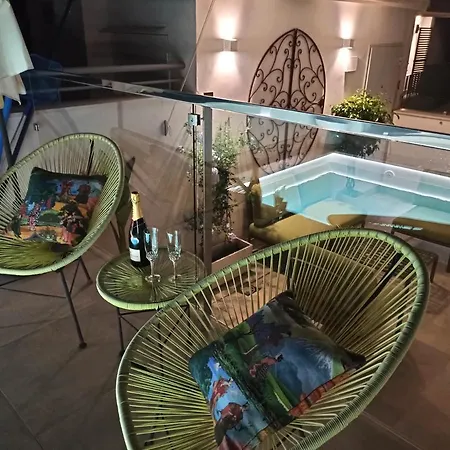 Apartment Luxury Penthouse With Private Pool Setas Monument
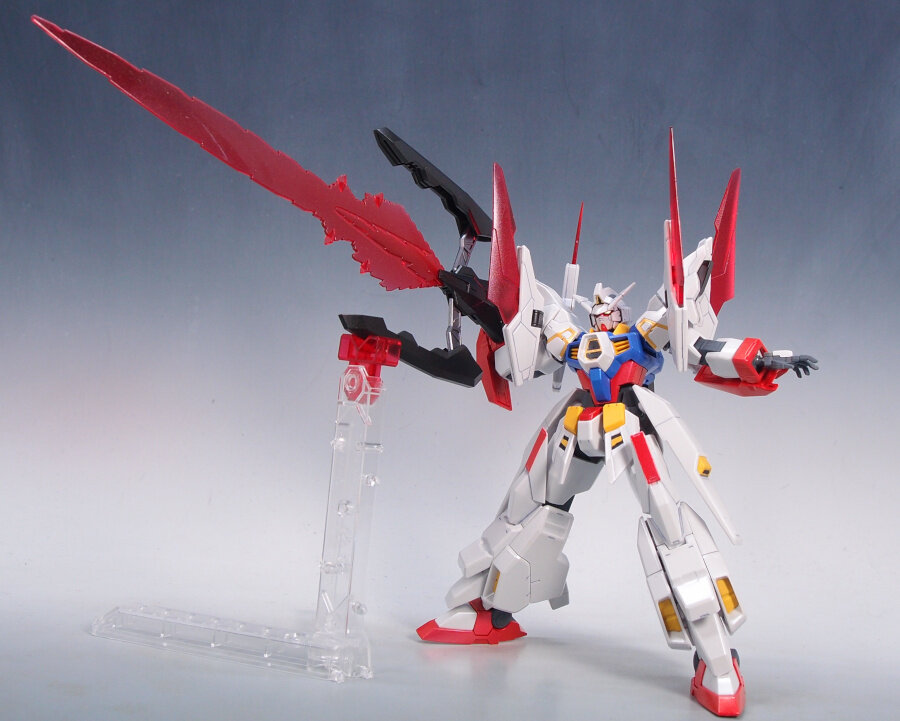 ガンダムトライエイジ 特徴的なトリコロールカラーやトライスラッシュブレイドを再現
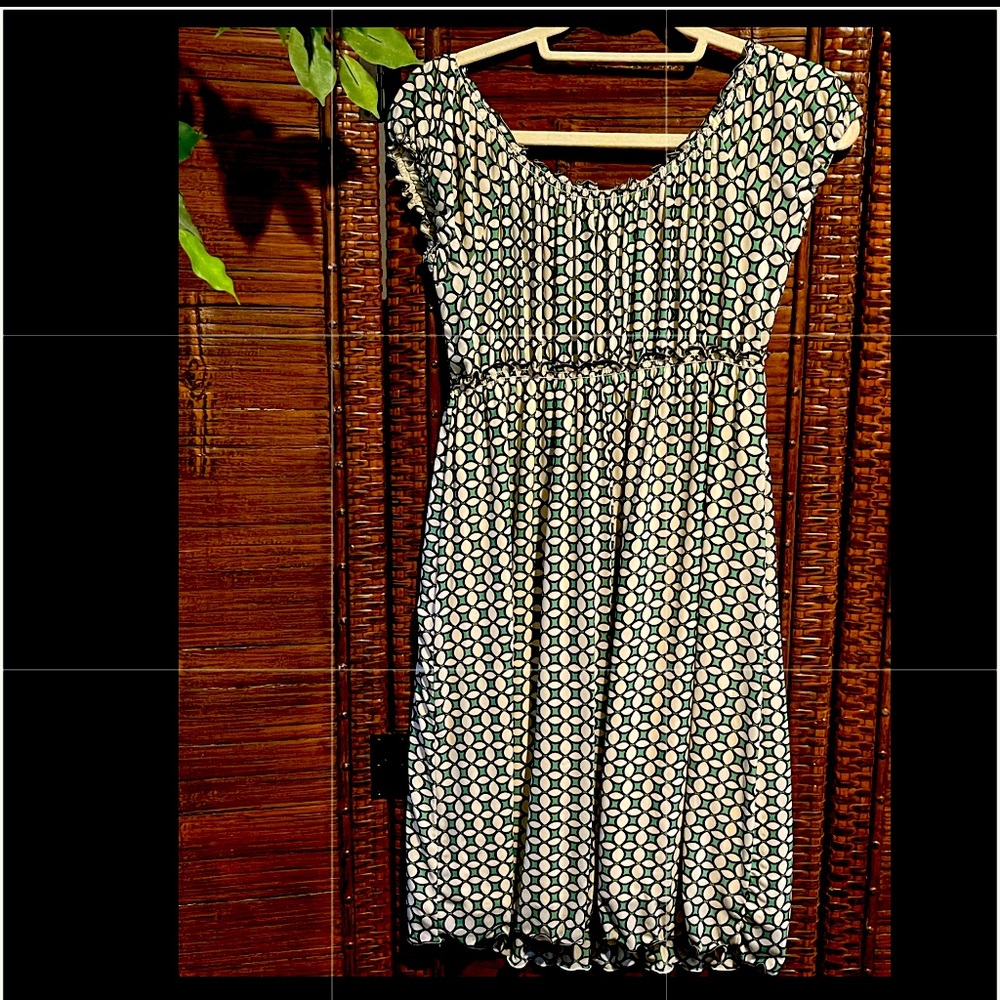 Max Studio black green and cream colored sleeveless midi dress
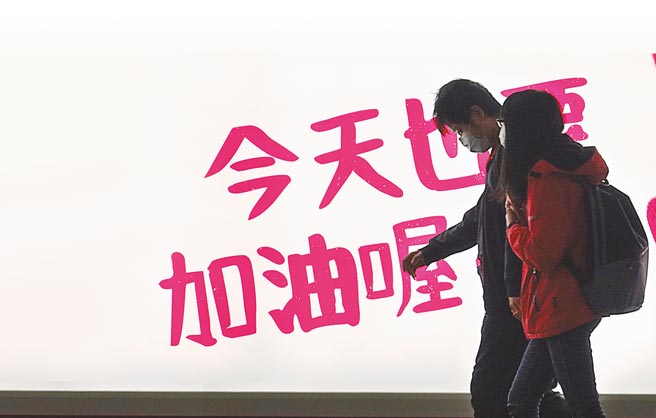 航运、金融、半导体产业传出年终奖金大爆发，而不少行业受疫情影响，年终大缩水，造成几家欢乐几家愁，民眾衹能继续加油。（姚志平摄）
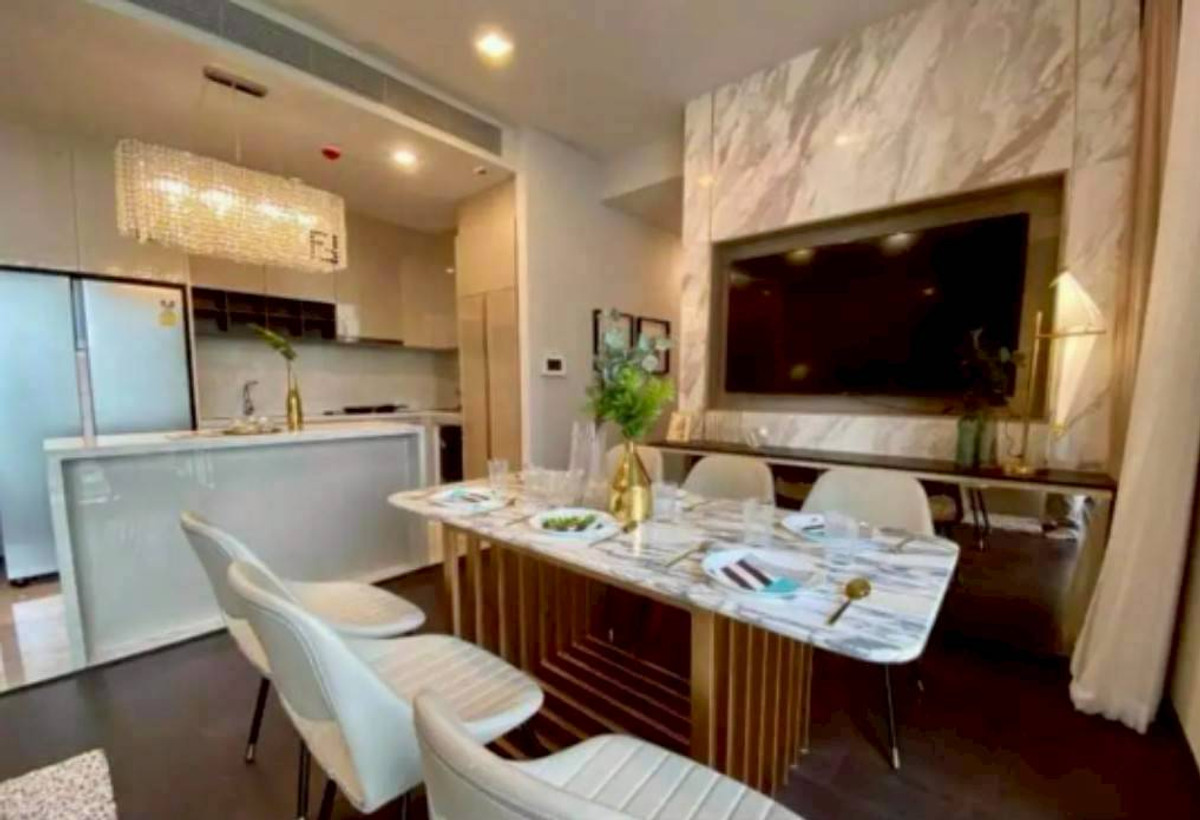 ให้เช่าคอนโดสุขุมวิท อโศก ทองหล่อ : คอนโดหรูใจกลางทองหล่อ 🌟 ห้องกว้างมาก สวยทุกมุม 📸 พร้อมเข้าอยู่แล้ววันนี้! ที่ Laviq Sukhumvit 57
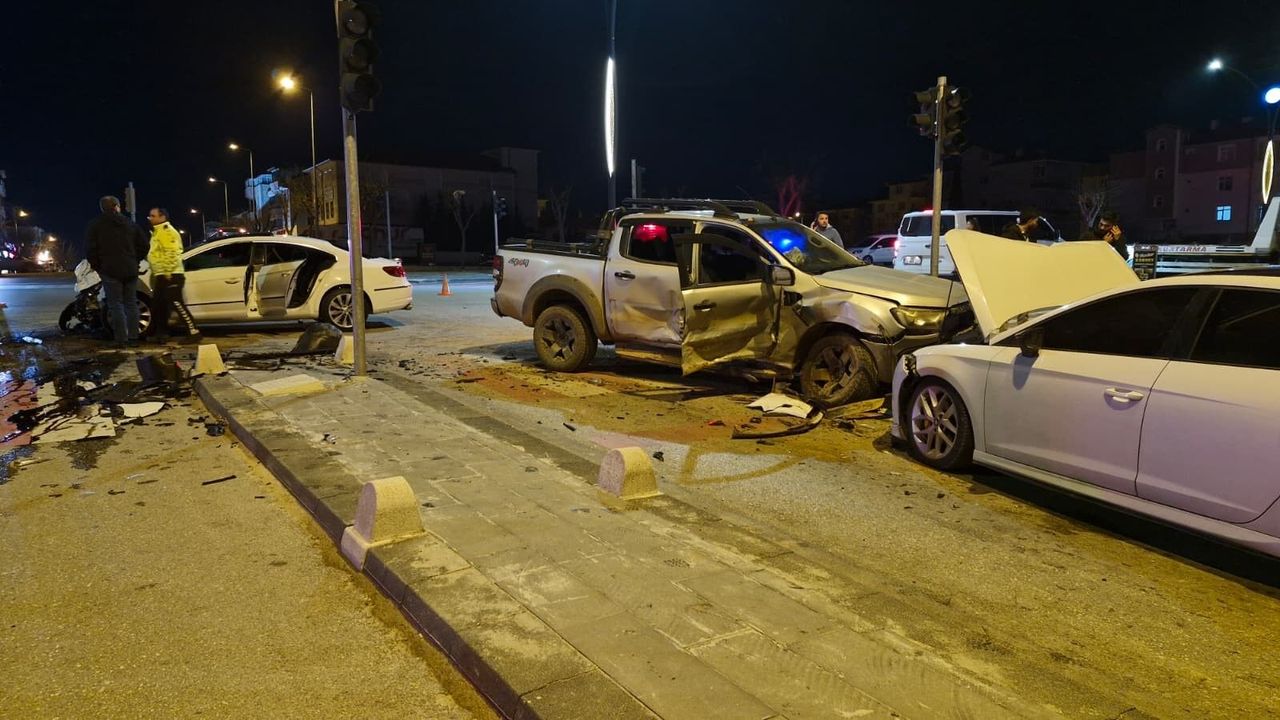 Pikap ile otomobil çarpıştı! Ortalık savaş alanına döndü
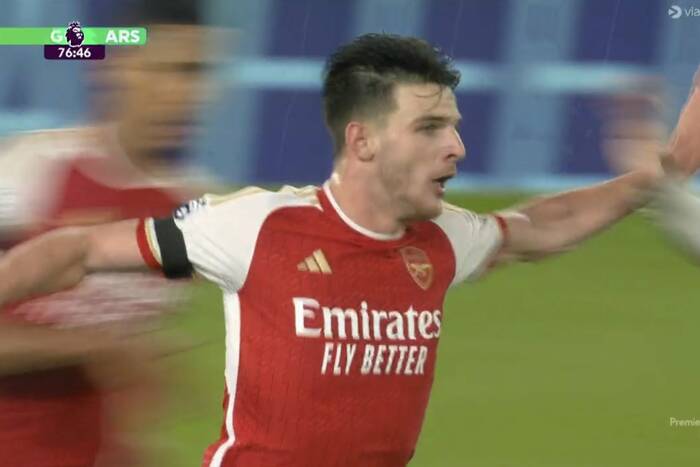 Szalona końcówka derbów Londynu! Chelsea straciła wygraną po absurdalnym błędzie, Arsenal w ekstazie [WIDEO]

• ACTION ITEM: With the pictures omitted, print the lines above exactly, beginning at the line with "ガンダムトライエイジ 特徴的" and going on through the line with "Pikap ile otomobil".

• RESPONSE BELOW:
 ガンダムトライエイジ 特徴的なトリコロールカラーやトライスラッシュブレイドを再現
 Max Studio black green and cream colored sleeveless midi dress
 航运、金融、半导体产业传出年终奖金大爆发，而不少行业受疫情影响，年终大缩水，造成几家欢乐几家愁，民眾衹能继续加油。（姚志平摄）
 ให้เช่าคอนโดสุขุมวิท อโศก ทองหล่อ : คอนโดหรูใจกลางทองหล่อ 🌟 ห้องกว้างมาก สวยทุกมุม 📸 พร้อมเข้าอยู่แล้ววันนี้! ที่ Laviq Sukhumvit 57
 Pikap ile otomobil çarpıştı! Ortalık savaş alanına döndü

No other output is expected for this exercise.